Child Care At Work Now Common
More companies that once thought they couldn’t care for employees’ children at work are finding little people traipsing through their halls, the author of a study on work-site child care says.
Moreover, the companies have discovered that taking care of workers’ children makes good business sense, Sandra Burud, the head of Burud & Associates, said Wednesday.
Her firm is the consulting division for Bright Horizons, a Cambridge, Mass., company that manages 140 child care facilities for U.S. companies.
Companies are spending money on child care “just like they would do on any other equipment because it makes employees work better,” Burud told a group of corporate human resources officials.
Burud authored a similar study of employee-supported child care in 1982, when she found 405 such facilities in the United States, with 204 at the work site.
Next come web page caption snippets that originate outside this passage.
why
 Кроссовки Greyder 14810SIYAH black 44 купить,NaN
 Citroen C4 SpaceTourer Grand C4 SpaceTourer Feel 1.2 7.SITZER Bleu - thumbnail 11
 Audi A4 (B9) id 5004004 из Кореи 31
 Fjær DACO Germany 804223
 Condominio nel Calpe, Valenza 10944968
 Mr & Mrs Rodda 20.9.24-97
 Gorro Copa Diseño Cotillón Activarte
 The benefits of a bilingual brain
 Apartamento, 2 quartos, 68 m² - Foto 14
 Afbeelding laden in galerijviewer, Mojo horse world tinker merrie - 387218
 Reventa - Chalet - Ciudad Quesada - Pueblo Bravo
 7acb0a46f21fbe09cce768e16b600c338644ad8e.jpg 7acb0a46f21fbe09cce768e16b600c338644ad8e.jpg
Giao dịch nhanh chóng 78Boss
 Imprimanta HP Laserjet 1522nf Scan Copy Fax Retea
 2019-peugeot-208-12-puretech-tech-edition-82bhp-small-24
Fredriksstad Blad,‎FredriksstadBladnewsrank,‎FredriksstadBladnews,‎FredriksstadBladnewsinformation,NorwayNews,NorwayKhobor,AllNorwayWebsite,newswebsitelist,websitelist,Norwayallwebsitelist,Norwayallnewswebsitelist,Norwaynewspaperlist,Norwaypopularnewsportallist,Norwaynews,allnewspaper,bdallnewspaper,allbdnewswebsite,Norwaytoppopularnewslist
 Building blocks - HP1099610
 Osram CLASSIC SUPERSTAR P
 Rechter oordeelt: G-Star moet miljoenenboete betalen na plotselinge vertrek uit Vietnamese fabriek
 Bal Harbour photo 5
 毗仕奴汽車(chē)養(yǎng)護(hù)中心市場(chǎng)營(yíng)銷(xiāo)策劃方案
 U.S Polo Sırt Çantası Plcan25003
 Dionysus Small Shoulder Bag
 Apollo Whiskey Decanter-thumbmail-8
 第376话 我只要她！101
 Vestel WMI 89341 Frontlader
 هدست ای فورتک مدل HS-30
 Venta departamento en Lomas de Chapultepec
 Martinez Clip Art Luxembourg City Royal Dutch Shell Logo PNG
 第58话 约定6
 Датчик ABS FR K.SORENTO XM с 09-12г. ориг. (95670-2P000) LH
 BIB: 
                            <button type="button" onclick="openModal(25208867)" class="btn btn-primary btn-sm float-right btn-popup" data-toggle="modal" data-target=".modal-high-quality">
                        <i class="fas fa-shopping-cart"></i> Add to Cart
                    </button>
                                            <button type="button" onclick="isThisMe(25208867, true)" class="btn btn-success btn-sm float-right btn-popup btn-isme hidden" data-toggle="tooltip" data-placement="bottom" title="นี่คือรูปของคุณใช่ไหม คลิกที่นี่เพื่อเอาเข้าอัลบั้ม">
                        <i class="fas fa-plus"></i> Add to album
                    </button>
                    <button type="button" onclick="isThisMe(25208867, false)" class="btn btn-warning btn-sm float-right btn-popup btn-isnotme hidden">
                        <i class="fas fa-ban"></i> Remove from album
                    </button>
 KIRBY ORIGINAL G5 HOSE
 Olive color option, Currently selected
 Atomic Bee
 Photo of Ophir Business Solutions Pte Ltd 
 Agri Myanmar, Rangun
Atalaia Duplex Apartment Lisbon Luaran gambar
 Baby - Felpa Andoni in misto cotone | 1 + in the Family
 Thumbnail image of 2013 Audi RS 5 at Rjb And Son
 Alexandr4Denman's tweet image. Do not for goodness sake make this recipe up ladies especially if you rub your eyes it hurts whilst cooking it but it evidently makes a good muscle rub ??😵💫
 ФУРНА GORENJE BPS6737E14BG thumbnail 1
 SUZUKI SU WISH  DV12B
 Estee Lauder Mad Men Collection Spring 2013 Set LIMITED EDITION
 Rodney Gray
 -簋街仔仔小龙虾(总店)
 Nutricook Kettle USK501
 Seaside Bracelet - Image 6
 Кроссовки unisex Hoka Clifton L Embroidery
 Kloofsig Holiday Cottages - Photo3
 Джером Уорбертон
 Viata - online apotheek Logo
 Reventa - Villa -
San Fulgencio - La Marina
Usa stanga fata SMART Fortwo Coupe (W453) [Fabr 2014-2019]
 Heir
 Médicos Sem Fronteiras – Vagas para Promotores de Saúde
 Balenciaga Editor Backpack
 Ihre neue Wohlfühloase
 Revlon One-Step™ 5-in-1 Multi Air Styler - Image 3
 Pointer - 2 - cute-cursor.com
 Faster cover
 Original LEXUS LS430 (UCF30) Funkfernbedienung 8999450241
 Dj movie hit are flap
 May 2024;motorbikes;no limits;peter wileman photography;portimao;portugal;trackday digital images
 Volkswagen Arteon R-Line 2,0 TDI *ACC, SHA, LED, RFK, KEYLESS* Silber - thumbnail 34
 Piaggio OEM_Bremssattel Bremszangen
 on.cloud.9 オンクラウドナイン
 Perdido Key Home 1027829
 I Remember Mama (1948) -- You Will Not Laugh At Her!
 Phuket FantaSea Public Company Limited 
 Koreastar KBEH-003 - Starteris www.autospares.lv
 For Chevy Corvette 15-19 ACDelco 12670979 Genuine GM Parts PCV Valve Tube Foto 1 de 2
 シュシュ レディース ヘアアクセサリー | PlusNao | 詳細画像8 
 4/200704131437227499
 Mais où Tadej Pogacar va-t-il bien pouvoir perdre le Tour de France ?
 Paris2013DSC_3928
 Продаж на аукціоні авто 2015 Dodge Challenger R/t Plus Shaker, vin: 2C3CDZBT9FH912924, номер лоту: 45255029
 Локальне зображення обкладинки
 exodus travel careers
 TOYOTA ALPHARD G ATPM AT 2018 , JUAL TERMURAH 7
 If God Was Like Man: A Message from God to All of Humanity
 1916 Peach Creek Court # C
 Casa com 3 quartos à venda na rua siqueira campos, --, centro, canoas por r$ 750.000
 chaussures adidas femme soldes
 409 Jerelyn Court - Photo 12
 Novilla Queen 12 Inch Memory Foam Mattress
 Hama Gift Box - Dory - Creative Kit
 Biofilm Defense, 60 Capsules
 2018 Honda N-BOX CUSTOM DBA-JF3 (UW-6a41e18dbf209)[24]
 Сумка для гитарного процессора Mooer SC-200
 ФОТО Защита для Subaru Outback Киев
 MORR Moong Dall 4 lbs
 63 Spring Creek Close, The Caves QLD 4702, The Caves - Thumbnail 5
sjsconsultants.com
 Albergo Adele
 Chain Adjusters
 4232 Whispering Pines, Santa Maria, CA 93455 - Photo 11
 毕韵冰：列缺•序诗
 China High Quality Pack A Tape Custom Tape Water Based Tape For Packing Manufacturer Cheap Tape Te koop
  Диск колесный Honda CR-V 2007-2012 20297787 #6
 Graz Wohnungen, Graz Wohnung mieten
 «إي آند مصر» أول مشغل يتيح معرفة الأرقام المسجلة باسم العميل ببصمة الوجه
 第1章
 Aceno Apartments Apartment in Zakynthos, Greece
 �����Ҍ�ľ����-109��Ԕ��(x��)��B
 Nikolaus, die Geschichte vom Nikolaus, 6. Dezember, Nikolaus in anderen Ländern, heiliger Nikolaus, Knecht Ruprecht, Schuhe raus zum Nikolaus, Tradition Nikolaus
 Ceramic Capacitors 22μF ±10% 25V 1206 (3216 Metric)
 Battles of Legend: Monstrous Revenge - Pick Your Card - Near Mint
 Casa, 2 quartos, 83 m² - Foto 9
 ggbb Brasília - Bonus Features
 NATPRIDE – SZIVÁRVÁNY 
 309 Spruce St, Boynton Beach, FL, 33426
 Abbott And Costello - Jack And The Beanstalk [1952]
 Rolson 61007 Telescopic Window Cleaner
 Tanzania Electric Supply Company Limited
Today, there are about 1,800 work-site centers, she said.
Her recently completed follow-up study sampled 205 work-site centers in 40 states. Of those, 57 were managed by Bright Horizons.
“Work-site child care centers seem to have gone from being an unusual ‘phenomenon’ to becoming much more a part of the common thread of the American workplace,” the report concluded.
Among its findings:
Whereas child care once was offered only by larger companies, it now can be found in firms ranging from 15 to 100,000 employees. Many smaller companies pool efforts with other firms or community groups to provide care.
The typical company studied has about 2,100 employees and a work-site child care center with a capacity of 105 children.
Nearly every company’s child care center is full, and four out of five have waiting lists. Most centers run 65 hours a week, usually from 6 a.m. to 7 p.m.
Health care, high-tech and manufacturing industries lead in providing child care, but programs are found in a variety of industries, including insurance, financial, entertainment and retail.